Make time for data profiling
The concept of the data warehouse has been around for some time now and data has come to be the life blood of the modern business. Disparate sources of data within companies have been integrated or, if not, are in the process of being integrated. The end goal is to provide management with a comprehensive and all-encompassing view of the business so that better business decisions and forecasts can be made through the medium of management reporting, While this may be the end goal, there are many steps along the way to producing this outcome. The first step is to model and create the target database according to tried and tested data warehouse principals and then to find the data in the disparate source systems that will populate the new data model. To management the idea is simple: take the data from the source table and whack it into the appropriate place in the target table. Job done. The reality, however, is not quite as simple as it seems.
The first challenge is to find a coding language or application that will facilitate this extraction of data from the data source or sources, perform the required transformation and then load the data into the target database - a process we know as Extract, Transformation and Load or ETL. Business management, naturally, has a keen interest in the speed of delivery thus reducing the cost of the project as a whole. Tools such as IBM DataStage, Talend, Microsoft SSIS or Informatica are therefore used to minimize the development time.
'So just code the jobs using one of these tools and the job's done?'
Not so fast, Mr Manager. We have just ASSUMED that the data from the data sources is all 'clean' and uniform.
'Why would the data from the data sources be anything but clean and uniform?'
For many reasons. The first is that source data, for example customer details, are stored differently on different data sources.
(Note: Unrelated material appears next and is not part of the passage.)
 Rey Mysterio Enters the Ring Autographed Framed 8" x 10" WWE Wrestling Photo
In order to merge data from these sources, things like names and addresses need to be standardised in the same format. Then let's say we have a data source that is an Excel spreadsheet. There's little control over the way data is entered into a spreadsheet. It is possible that a user might press the 'Ctrl' key by accident while typing data into one of the columns thereby creating control characters that are hidden to the eye, but troublesome for data migration and database. Other human error, while capturing data, is also possible in other data sources emanating from business applications that don't have the correct level of data quality checks at the time the data is captured initially.
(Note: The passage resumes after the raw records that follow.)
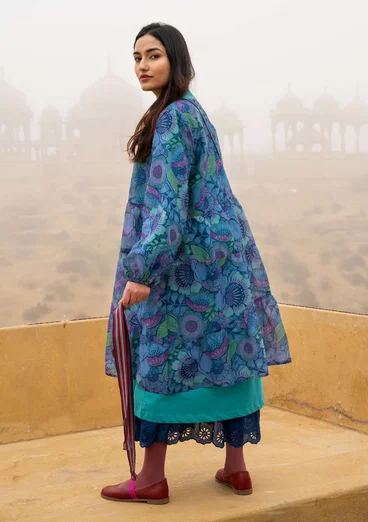 Vävd klänning "Okinawa" i bomull - ljus indigo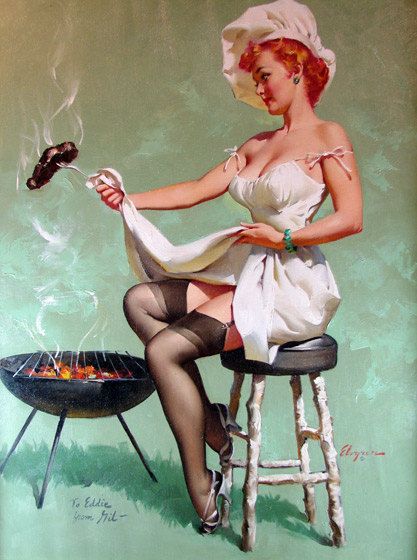 Gil Elvgren "A Lot at Steak" Sexy Pin-Up Girl Vintage 1957  Fine Art Print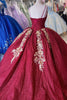 Load image into Gallery viewer, Sparkly Burgundy Spaghetti Straps V Neck Long Quinceanera Dress with Appliques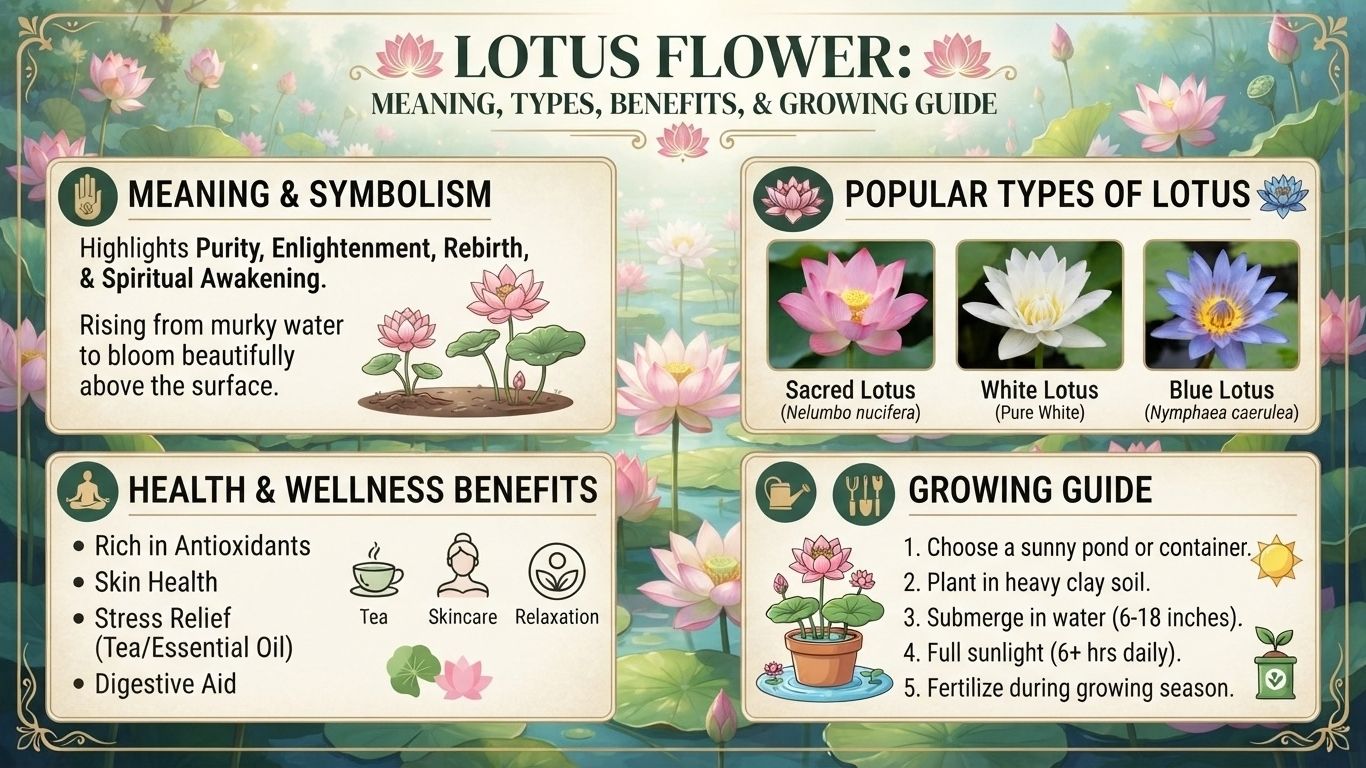 Lotus Flower: Meaning, Types, Benefits, and Growing Guide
All this creates a nightmare scenario for developers involved with the migration of the data to the new data warehouse, but for some reason, management continually fails to take this into account.
'Surely any data problems can be ironed out during development?' they would argue. 'We have to fit the development to the timeline allowed by the project board, so just get on with it'.
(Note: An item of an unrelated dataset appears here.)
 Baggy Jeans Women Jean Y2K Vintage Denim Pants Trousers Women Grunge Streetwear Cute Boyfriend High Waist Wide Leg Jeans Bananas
What they fail to realise is that poor data quality from the data sources could contribute to an exponential rise in development time as the project proceeds. Although ETL tools provide a quicker development environment than line based coding and their features are geared towards isolating and correcting erroneous data, the developer first has to develop the migration code before it is found that the code doesn't work as expected, but through no fault in the coding. This results in hours spent locating the source of the problematic data. It may be just a few records in a million that cause the entire data flow to abort and finding the 'needle in the haystack' delays progress and increases development time much to the despair of the project board. This is just one example of the issues that can be caused by the lack of prior data profiling.
'So what's the solution?' asks the manager 'And how much will it cost?'
Hopefully the manager will ask this question before the project begins and not after some months down the line. The solution, dear Mr Manager, is to set aside a few weeks at the start of the project to determine things such as a) The data quality, b) The distribution of key data, c) cross-table linking and d) Formatting of Master Data such as customer names and addresses. This is a just a high-level view and there are many other nuances that can be determined and corrected through data profiling, but whichever way you look at it, it is an essential exercise that epitomises the old adage: 'a stitch in time saves nine' or 'penny wise, pound foolish'. I'm sure there are more of these old adages that allude to the same principle but that seem to be sadly lacking in management training. The reality is that the project steering committee is typically staffed mostly by people from the non- IT side of the business who don't understand the complexities involved with large-scale data migration. The responsibility for motivating the data profiling initiative therefore lies with the Project Manager who should at least understand the data migration or ETL process. Sadly, the decision makers often think that they know better than the technical staff that they hire to do the job.